INSTRUCTIONS FOR THE TASK: The required output is a verbatim transcription of the listing, pictures excluded.

SUPPLIED MATERIAL:
= = =
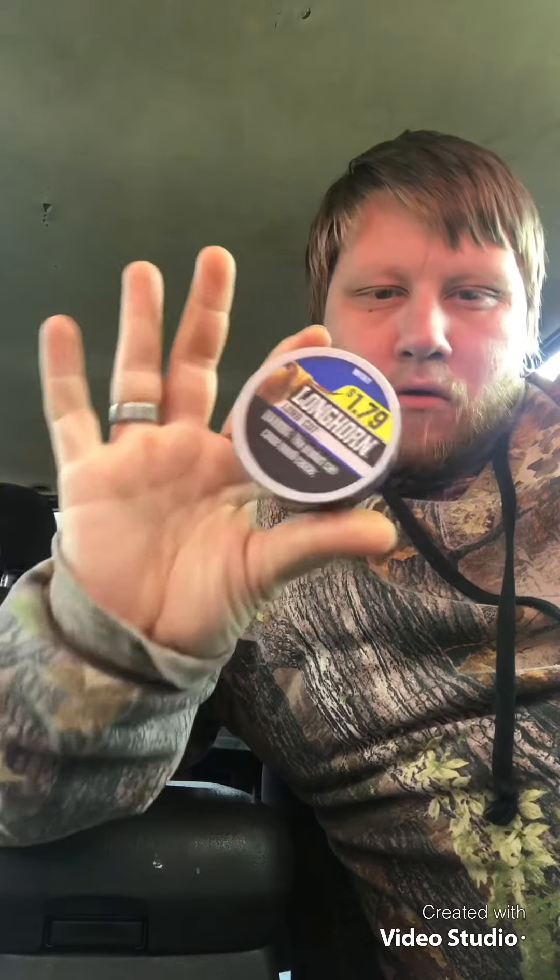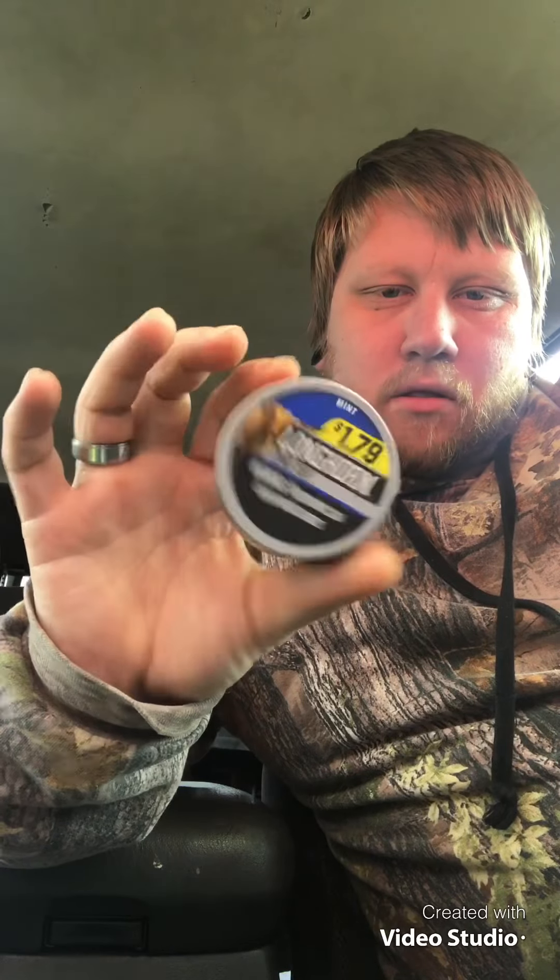What's going on everybody, Wonky Dipper here. Today I've got another dip review for you — we're gonna do a budget dip. We got some Longhorn Mint Long Cut.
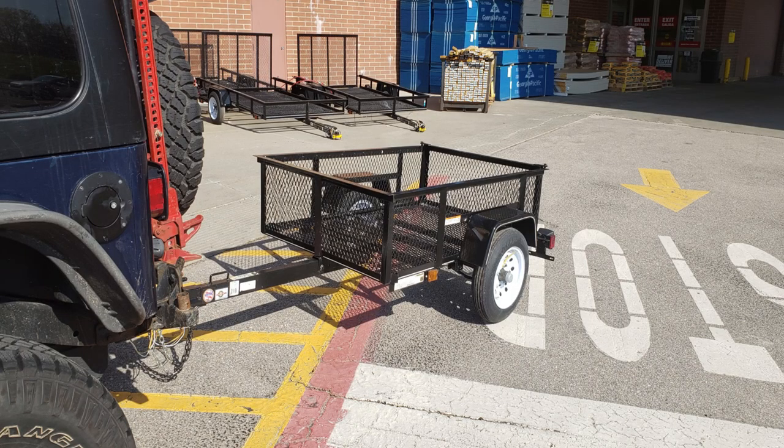I'm going to go around the Jeep trailer and show you what I've done, what it started out as, and what it is now. Originally it was a Lowe's carry-on trailer, three and a half by five foot with 12-inch tires. Got a great deal on it — it was on sale and then military discount on top of that.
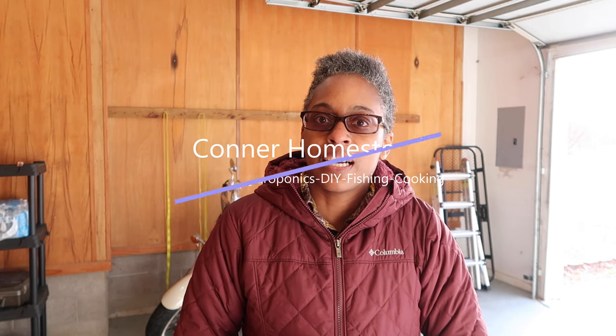Hey everyone, welcome to Connor Homestead. We've officially been on the homestead for one week and we've gotten a lot of stuff done. I'm so grateful for my uncle Maurice who drove up from Memphis to help around the homestead. He showed me how to trim our crepe myrtle trees, which we have a lot of. So today I thought we would trim some of these crepe myrtles and take you guys along to see how we do.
= = =
COMPLETED EXERCISE:
What's going on everybody, Wonky Dipper here. Today I've got another dip review for you — we're gonna do a budget dip. We got some Longhorn Mint Long Cut.
I'm going to go around the Jeep trailer and show you what I've done, what it started out as, and what it is now. Originally it was a Lowe's carry-on trailer, three and a half by five foot with 12-inch tires. Got a great deal on it — it was on sale and then military discount on top of that.
Hey everyone, welcome to Connor Homestead. We've officially been on the homestead for one week and we've gotten a lot of stuff done. I'm so grateful for my uncle Maurice who drove up from Memphis to help around the homestead. He showed me how to trim our crepe myrtle trees, which we have a lot of. So today I thought we would trim some of these crepe myrtles and take you guys along to see how we do.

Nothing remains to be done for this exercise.